Tuesday, November 4th, 2014


From the webpage:

The Tessera computational environment is powered by a statistical approach, Divide and Recombine. At the front end, the analyst programs in R. At the back end is a distributed parallel computational environment such as Hadoop. In between are three Tessera packages: datadr, Trelliscope, and RHIPE. These packages enable the data scientist to communicate with the back end with simple R commands.

Divide and Recombine (D&R)

Tessera is powered by Divide and Recombine. In D&R, we seek meaningful ways to divide the data into subsets, apply statistical methods to each subset independently, and recombine the results of those computations in a statistically valid way. This enables us to use the existing vast library of methods available in R – no need to write scalable versions


The datadr R package provides a simple interface to D&R operations. The interface is back end agnostic, so that as new distributed computing technology comes along, datadr will be able to harness it. Datadr currently supports in-memory, local disk / multicore, and Hadoop back ends, with experimental support for Apache Spark. Regardless of the back end, coding is done entirely in R and data is represented as R objects.


Trelliscope is a D&R visualization tool based on Trellis Display that enables scalable, flexible, detailed visualization of data. Trellis Display has repeatedly proven itself as an effective approach to visualizing complex data. Trelliscope, backed by datadr, scales Trellis Display, allowing the analyst to break potentially very large data sets into many subsets, apply a visualization method to each subset, and then interactively sample, sort, and filter the panels of the display on various quantities of interest.

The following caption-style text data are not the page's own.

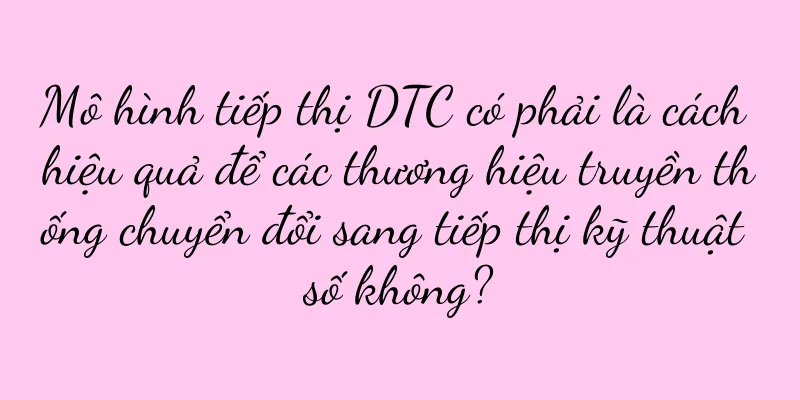 Mô hình tiếp thị DTC có phải là cách hiệu quả để các thương hiệu truyền thống chuyển đổi sang tiếp thị kỹ thuật số không?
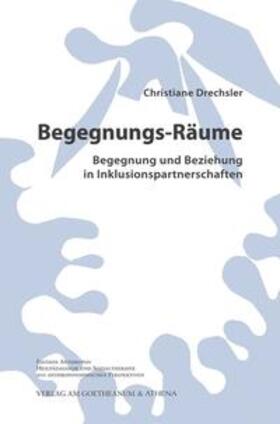 Drechsler |  Begegnungs-Räume. Begegnung und Beziehung in Inklusionspartnerschaften | Buch |  Sack Fachmedien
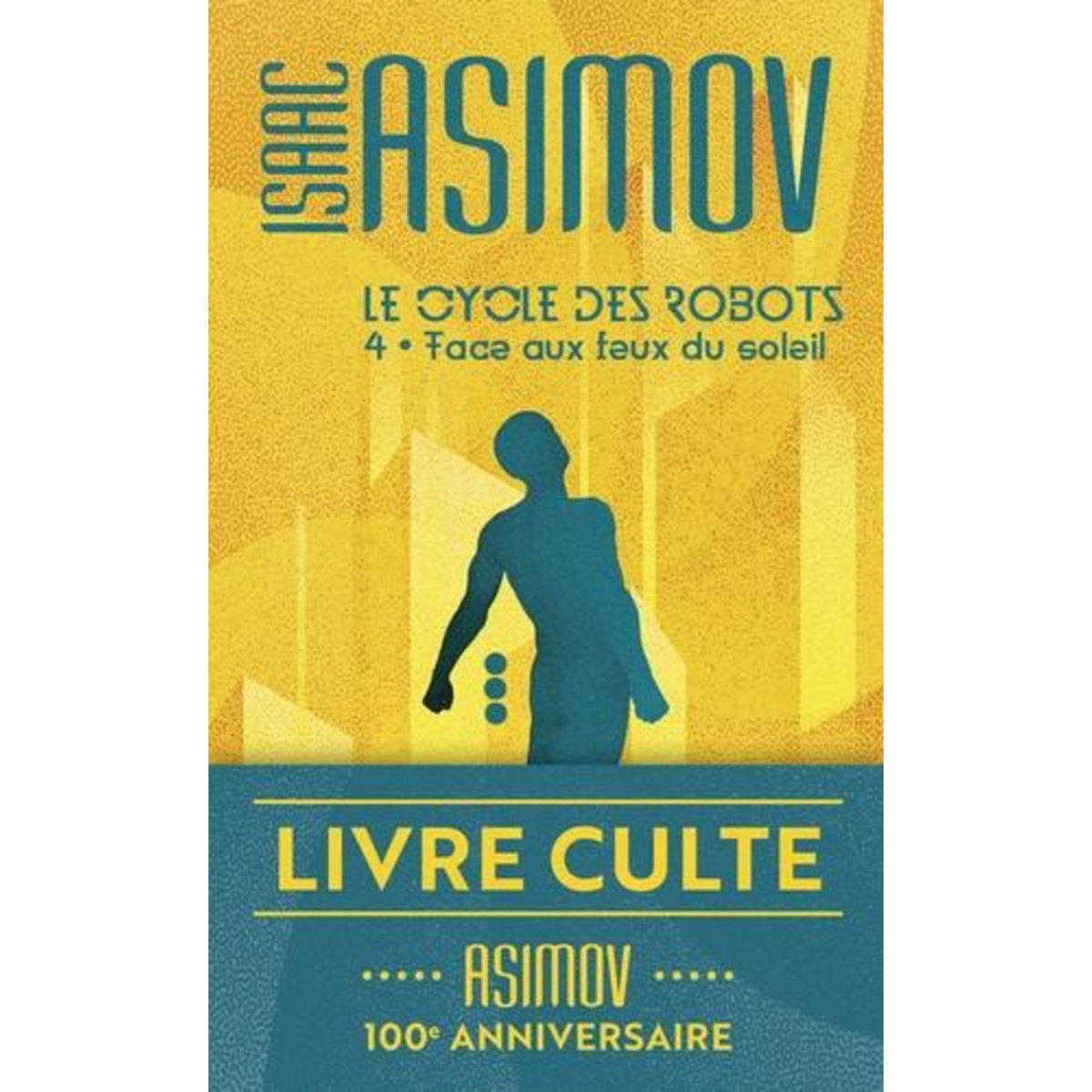 LE CYCLE DES ROBOTS TOME 4 : FACE AUX FEUX DU SOLEIL, Asimov Isaac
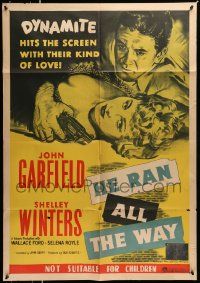 5r343 HE RAN ALL THE WAY Aust 1sh '51 John Garfield & Shelley Winters have a dynamite kind of love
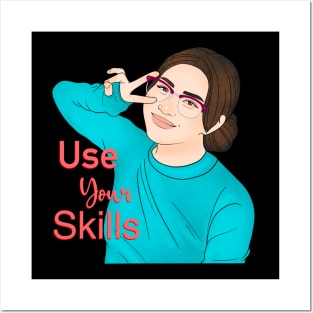 Use Your Skills Posters and Art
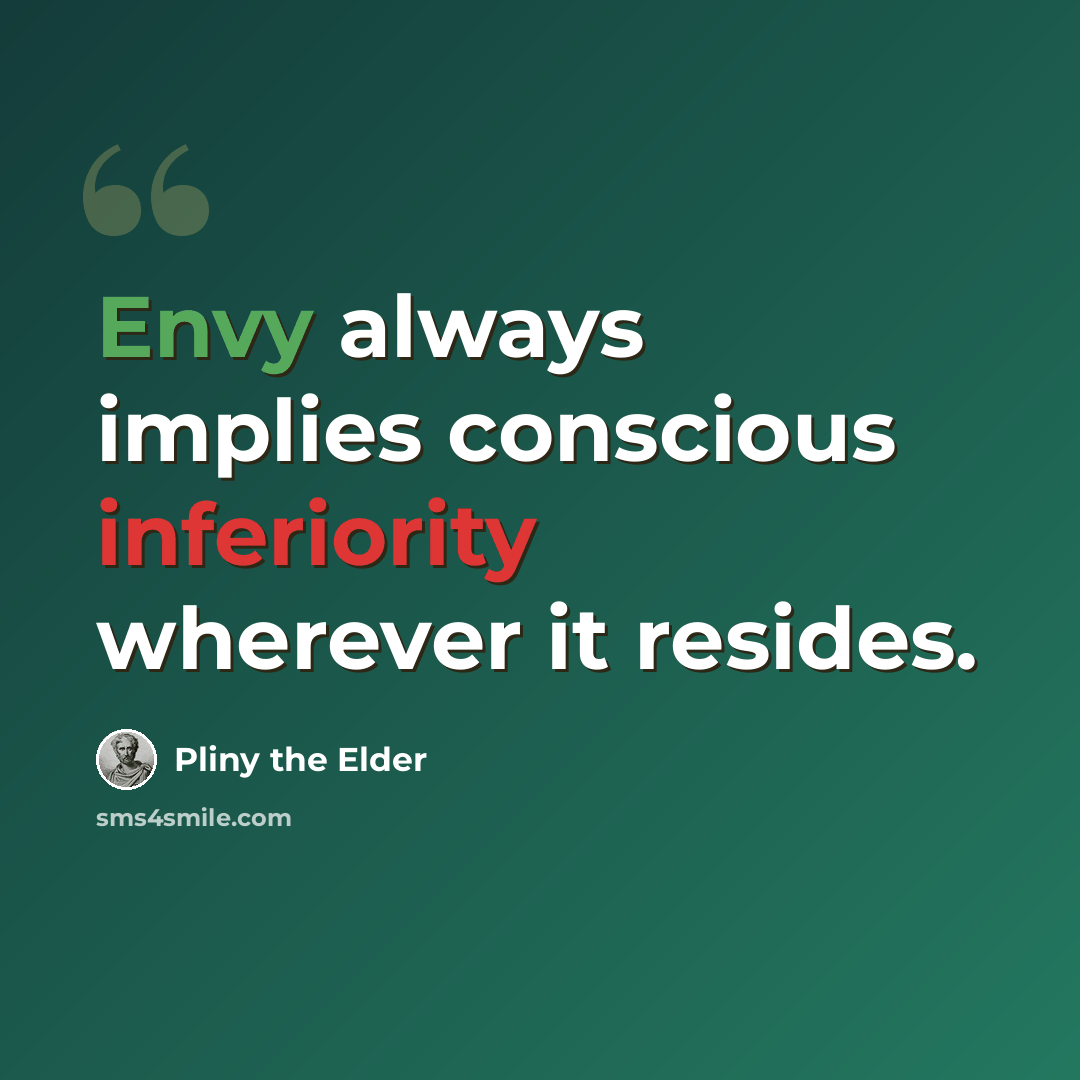“Envy always implies conscious inferiority wherever it resides.” quote by Pliny the Elder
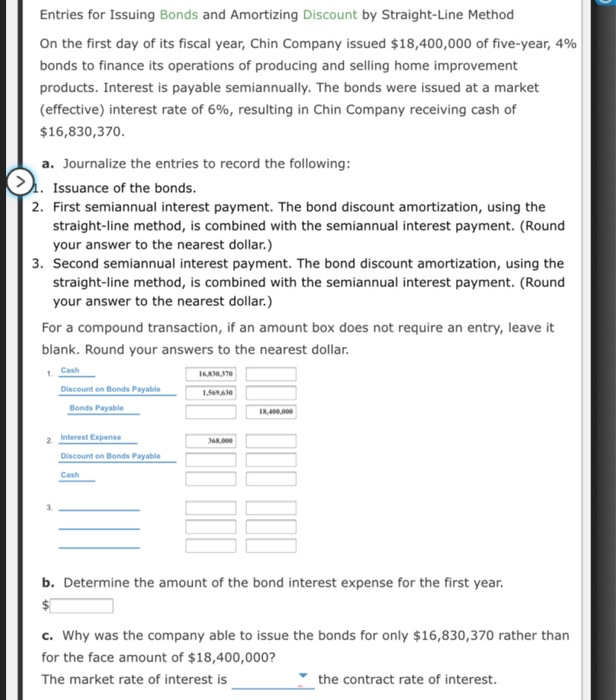  please answer everything Entries for Issuing Bonds and Amortizing Discount by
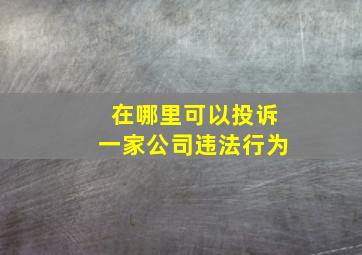 在哪里可以投诉一家公司违法行为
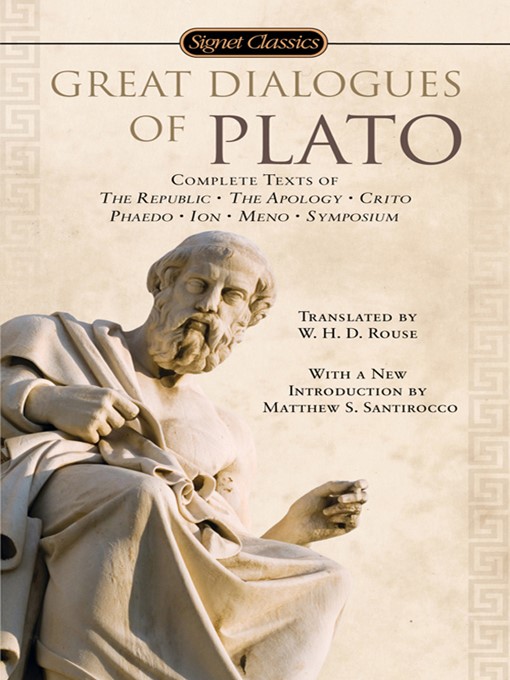Title details for Great Dialogues of Plato by Plato - Available
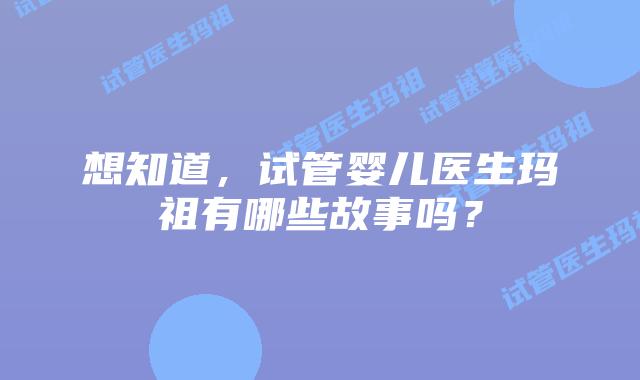 想知道，试管婴儿医生玛祖有哪些故事吗？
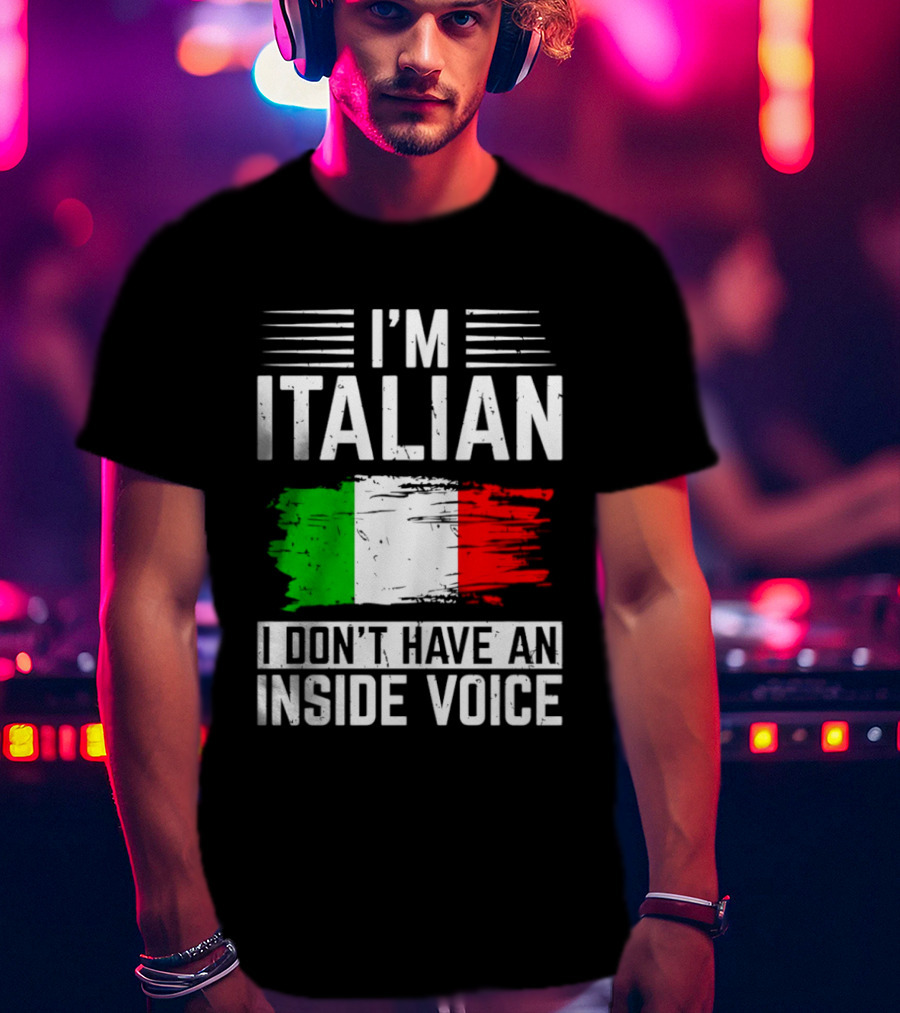 I'm Italian I Don't Have An Inside Voice Flag T-Shirt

RHIPE is the R and Hadoop Integrated Programming Environment. RHIPE allows an analyst to run Hadoop MapReduce jobs wholly from within R. RHIPE is used by datadr when the back end for datadr is Hadoop. You can also perform D&R operations directly through RHIPE , although in this case you are programming at a lower level.

Quite an impressive package for R and “big data.”

I first saw this in a tweet by Christophe Lalanne.